**GIVEN DATA:**
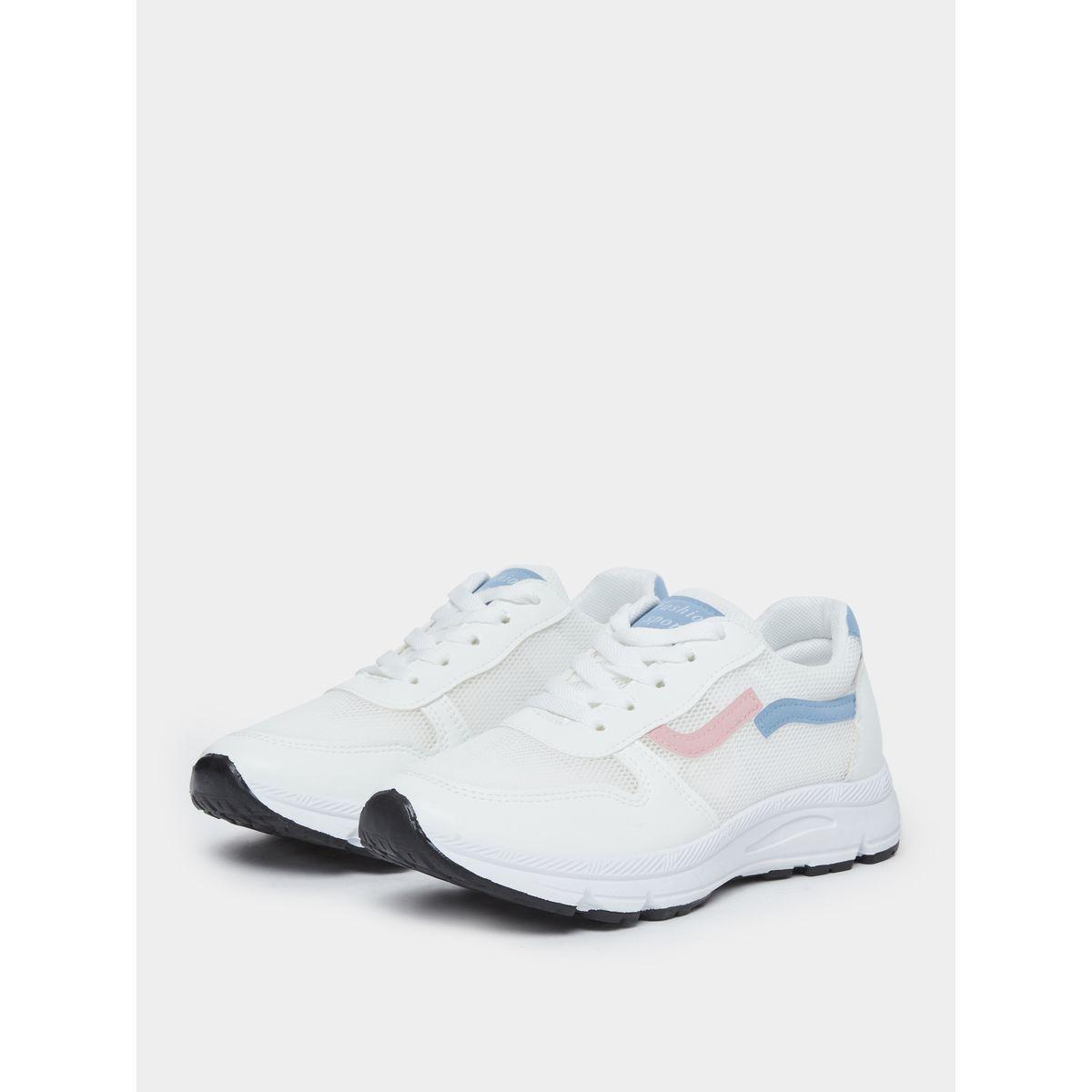 Styli Textured Color Block Lace Up Sneakers-women-shoes-sneakers-image-2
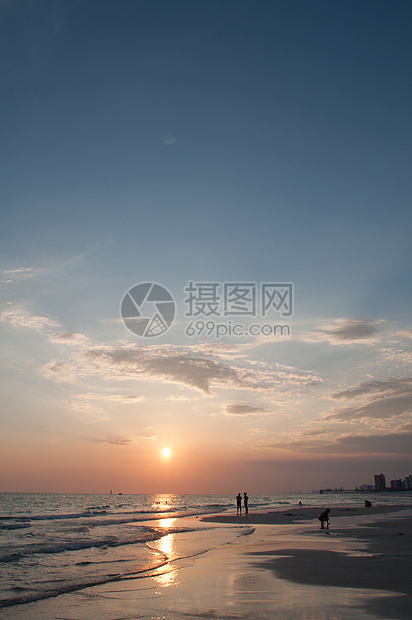 巴纳马市海滩佛罗里达日落海岸假期海湾风景海滩水平海岸线图片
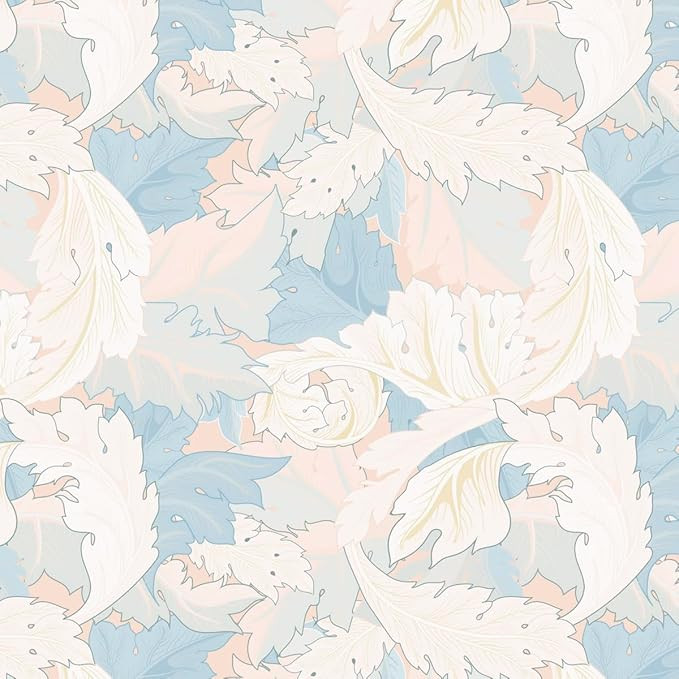 William Morris Wallpaper Vintage, Light Pink/Blue/Cream Botanical Peel and Stick, Floral Retro Le... | Amazon (US)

**WORK INSTRUCTION:** When you transcribe the lines above, keep every word exact but leave the pictures behind.

**YOUR RESPONSE:**
 Styli Textured Color Block Lace Up Sneakers-women-shoes-sneakers-image-2
 巴纳马市海滩佛罗里达日落海岸假期海湾风景海滩水平海岸线图片
 William Morris Wallpaper Vintage, Light Pink/Blue/Cream Botanical Peel and Stick, Floral Retro Le... | Amazon (US)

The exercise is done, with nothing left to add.